Jesus, its South Florida not Nebraska.

But, she was expressing interest. Which is all a guy can really ask for right?
This epic tornado quote was just the tip of the goddamn iceberg.
Last season, we watched the opening Florida vs Miami game live.
Without her knowing, I captured some of her thoughts and observations.
Lets take a look…..

“Hasn’t the umpire run out of those yellow flags yet?”

Bear in mind I mentioned the chick likes soccer. In which red flags are handed out.
I almost let this one slide. Shit I did let it slide, considering how much of a smart ass I am.

“You just gotta look that one in.”

The ONLY reason or way this solid advice came out of her mouth was because the Legendary Uncle Kyle coined this phrase when teaching her 5 year old nephew how to catch a football. It should be noted that he is now 12 and a city wide ALL STAR. Thanks largely in part to my guidance I am sure.
Look it in. Just look that son of a bitch in.

“Is he missing a sock? I swear Florida’s jerseys are all fucked up.”

I admire the attention to detail here. As an avid uni guru, this was quite impressive.

“Miami sucks. They can’t block for shit and they can’t fucking tackle.”

This one made me chuckle because I think she heard Ray, my father, say this once.
These strong words from her while sporting a tee shirt with “The U” on it.
Go Tornadoes am I right?!?

“The coach needs to get control of those players. I can coach these fools better than his punk ass.”

It is note worthy that the coach she was referring to is the Miami head coach.
10 of 11 defensive starters for the Canes are certified Dade County, baby cause I’m a thug, home grown.
Think Warren Sapp, or Mike Irvin as an example. Ed Reed would be another solid reference.

“There should be a time limit to throw a flag, stop crushing people’s dreams.”

Whats with the flags man? She has major issues with the flag throwing. Major Issues folks.

“What the fuck is a chop block?!”

Only the single most effective form of blocking ever founded my lady.

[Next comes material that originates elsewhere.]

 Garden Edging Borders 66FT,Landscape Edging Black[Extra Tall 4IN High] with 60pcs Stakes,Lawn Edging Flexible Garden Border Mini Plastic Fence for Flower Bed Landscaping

“Someone needs to run some serious yards.”
Do I even have to say anything….

“They need to learn another way to tackle them, trip them or something, Fuck.”

I went on to explain that if you trip a player, then that is considered a penalty which would then result in a flag being thrown by the ref. I stopped right there, the fire in her eyes from hearing the word “flag” hit a nerve.

…..I don’t know everything about life. But I know this:

College Football with Fenn is pure bliss.

She still doesn’t give two shits about college football to this day.

Doesn’t matter. Pure. Bliss.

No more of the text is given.